Tennyson Street Methodist Church was a Methodist church at the junction of Tennyson Street and Larkdale Street, Nottingham from 1874 until 1941.

==History==
The church was founded by members of Halifax Place Wesleyan Chapel to provide for the growing population of the Radford area.

The four foundation stones were laid on 16 June 1873 by William Foster, Esq., Mayor of Nottingham, W.D. Hoyle, Esq. of Nottingham, J.B. Reynolds Esq. of London and Joseph Ryder of Cambridge. The architect chosen was John Collyer of Nottingham and the contractor was Henry Vickers of Wilford Road, Nottingham. The style chosen was ‘modern Italian’ with the outer walls of the sub-story being built of rock-faced Bulwell stone, and the remainder of pressed bricks with Hollington stone dressings. The front was divided into centre and side wings, with the central door containing three entrances approached from a flight of steps. The doorways had polished marble columns with enriched caps.

The building opened for worship on 1 September 1874 The sub story contained a schoolroom 58ft 4 inches by 35 ft and a band room 25 ft by 20 ft. The internal dimensions of the chapel were 100 ft by 59 ft.
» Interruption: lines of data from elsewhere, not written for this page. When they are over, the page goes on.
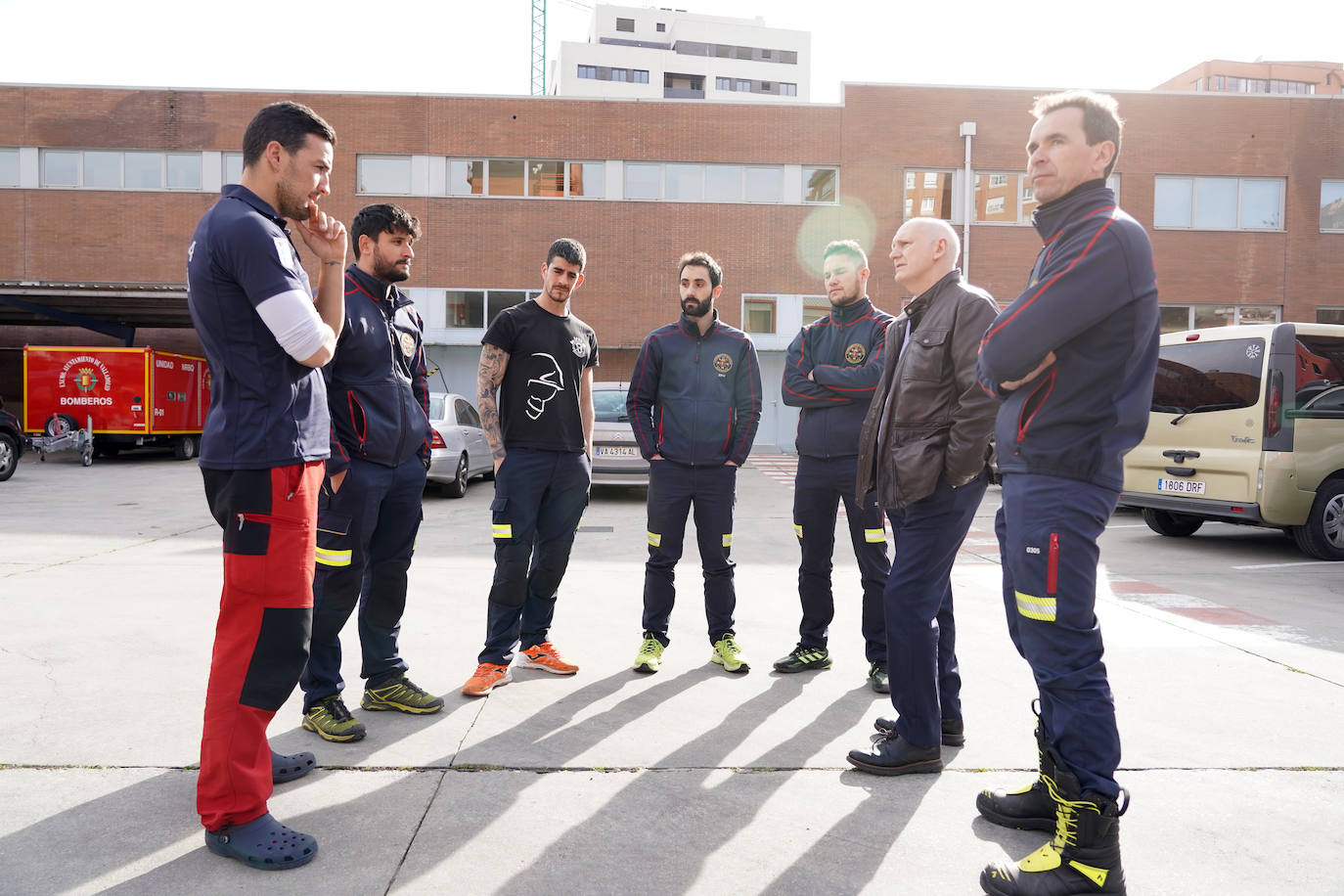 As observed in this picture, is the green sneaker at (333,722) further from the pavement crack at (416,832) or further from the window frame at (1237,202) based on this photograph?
the window frame at (1237,202)

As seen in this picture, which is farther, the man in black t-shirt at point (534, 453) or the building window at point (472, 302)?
the building window at point (472, 302)

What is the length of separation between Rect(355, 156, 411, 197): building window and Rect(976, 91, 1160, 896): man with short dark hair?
2480cm

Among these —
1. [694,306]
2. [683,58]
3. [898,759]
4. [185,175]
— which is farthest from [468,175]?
[683,58]

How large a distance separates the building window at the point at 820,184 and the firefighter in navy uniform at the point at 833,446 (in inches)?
858

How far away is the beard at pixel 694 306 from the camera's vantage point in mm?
4652

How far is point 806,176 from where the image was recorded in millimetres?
25359

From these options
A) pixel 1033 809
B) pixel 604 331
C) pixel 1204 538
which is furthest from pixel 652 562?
pixel 604 331

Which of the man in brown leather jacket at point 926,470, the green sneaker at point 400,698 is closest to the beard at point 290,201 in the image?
Answer: the green sneaker at point 400,698

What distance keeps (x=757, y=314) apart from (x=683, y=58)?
5714 cm

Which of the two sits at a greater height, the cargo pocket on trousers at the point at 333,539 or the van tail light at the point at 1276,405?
the van tail light at the point at 1276,405

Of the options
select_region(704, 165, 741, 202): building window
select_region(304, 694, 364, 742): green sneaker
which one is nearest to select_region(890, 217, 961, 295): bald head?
select_region(304, 694, 364, 742): green sneaker

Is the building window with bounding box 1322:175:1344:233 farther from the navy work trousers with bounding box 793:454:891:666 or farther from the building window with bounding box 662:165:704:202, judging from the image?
the navy work trousers with bounding box 793:454:891:666

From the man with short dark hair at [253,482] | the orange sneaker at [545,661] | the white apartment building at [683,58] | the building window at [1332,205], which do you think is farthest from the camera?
the white apartment building at [683,58]

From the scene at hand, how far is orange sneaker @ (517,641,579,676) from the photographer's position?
173 inches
Accommodation was provided for 1,000 worshippers, with 800 on the ground and 200 in a gallery. The ceiling of the chapel had ornamental cornice, with moulded and enriched panels. The total cost of construction was over £6,000.

In 1941 the Nottingham Education Committee purchased the building for £1,100 to use as a gymnasium and youth centre for Windley School. The interior fittings were sold off and the hand-blown pipe organ by Conacher was purchased for £40 for Cotmanhay Methodist Church.